Rene June 30, 2019 No Comments

These days there are a variety of avenues available to prospective new car buyers to obtain finance. Even if your credit rating is not so flash, you still have as much accessibility to secure a car loan than you otherwise might have thought. So should you be offered the option for dealership finance, is it worth considering? Of course it pays to look into the merits of the idea, but this is what you need to know first.

You might be paying more than expected

It’s not uncommon to walk away from a dealership having been sweet-talked into purchasing other extras like extended warranty, metallic paint, fabric protection and car mats. In many instances, these are items that you probably didn’t anticipate on purchasing. What’s more, they could be factored into the total price of the transaction, so finance costs are going to be greater.

Another thing to consider is your negotiating power, which ironically, often diminishes when seeking dealer finance. You may have less room to work the price of the vehicle down, since dealers will argue that the headline figure of the interest rate is lower than you might secure elsewhere. Thankfully, last year regulations were introduced that ensure a dealer can no longer charge a higher interest rate than that they secure from a lender.

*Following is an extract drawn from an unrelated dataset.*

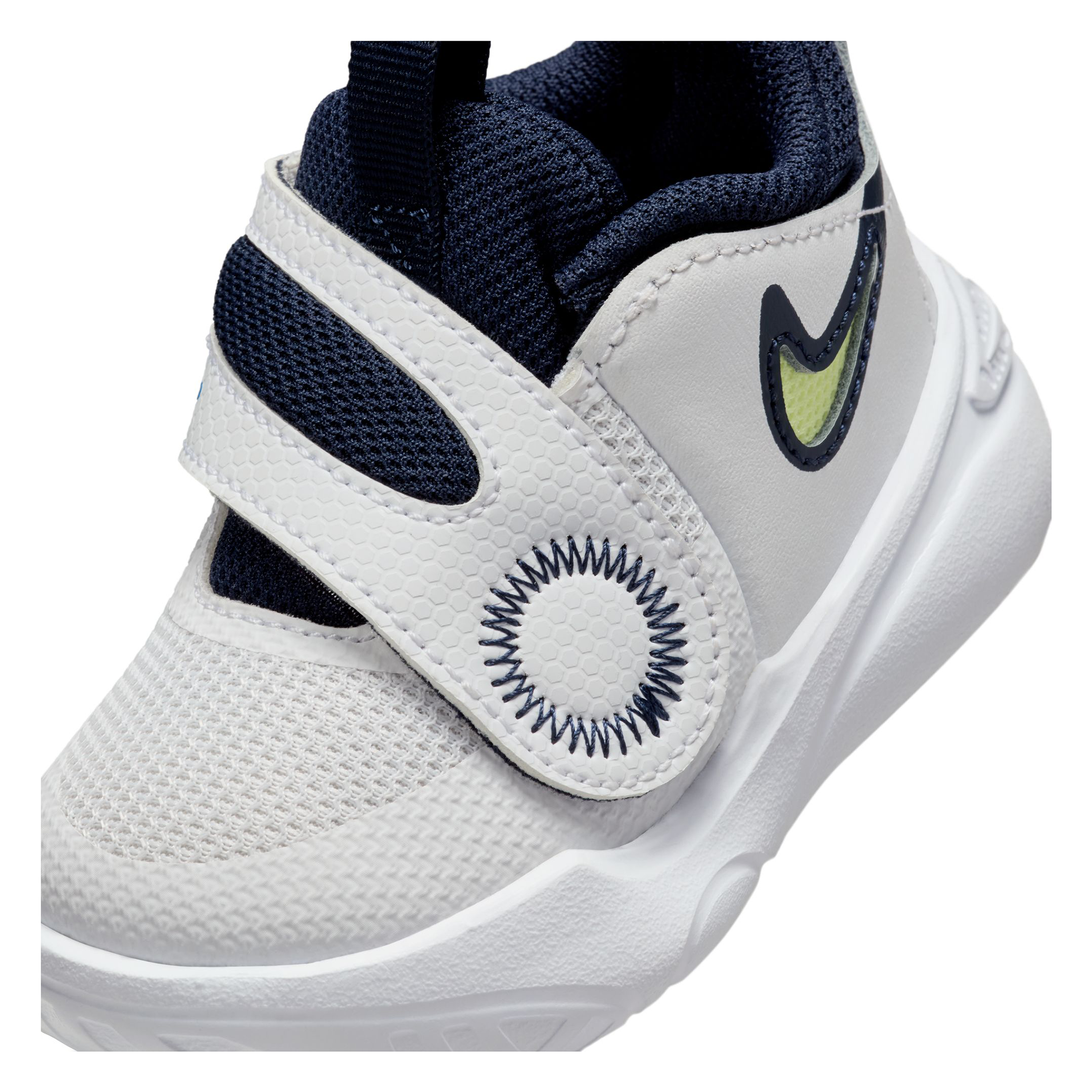 Nike Team Hustle D 11 Toddler Basketball Shoes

Contingent criteria could restrict your decision making

As we mentioned earlier, dealer finance is often sold under the guise of lower interest rates. However, this will typically be restricted to a finite period, usually just three years. If you can work with that timeframe, then great, otherwise you may be left with a balloon payment that could strain your cash flow position, or require you to make other sacrifices along the way to save up the required cash.

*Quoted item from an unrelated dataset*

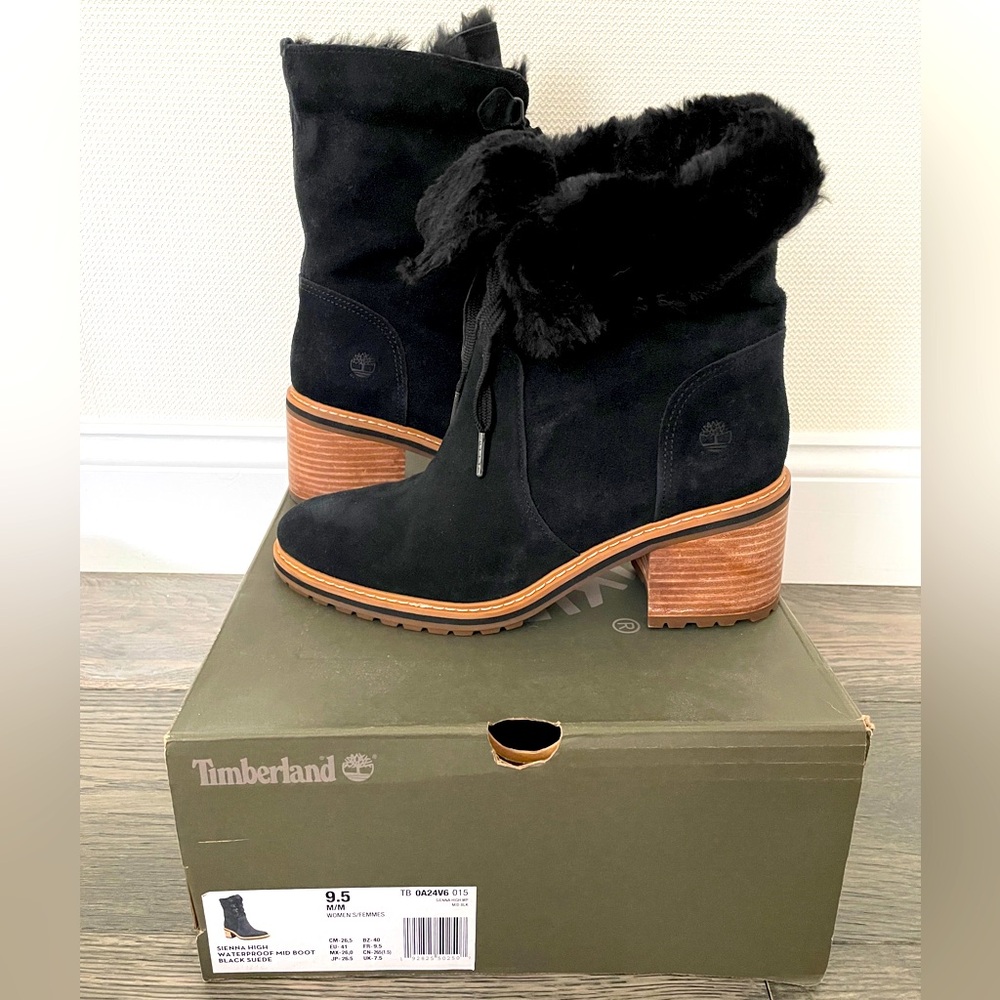 Timberland Womens Sienna High Waterproof Mid Boot- black suede.  Size 9.5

To be eligible for low interest rate financing, your choice of vehicle will be restricted to certain makes and models, generally favouring new cars only. Of course, this also happens to align with cars that depreciate quickly over the tenure of the finance, so you will be accumulating debt for a rapidly depreciating asset. Finally, dealership finance is restricted to those with good credit, so in the case of buyers with a poor credit rating, they will still need to arrange their car loan elsewhere.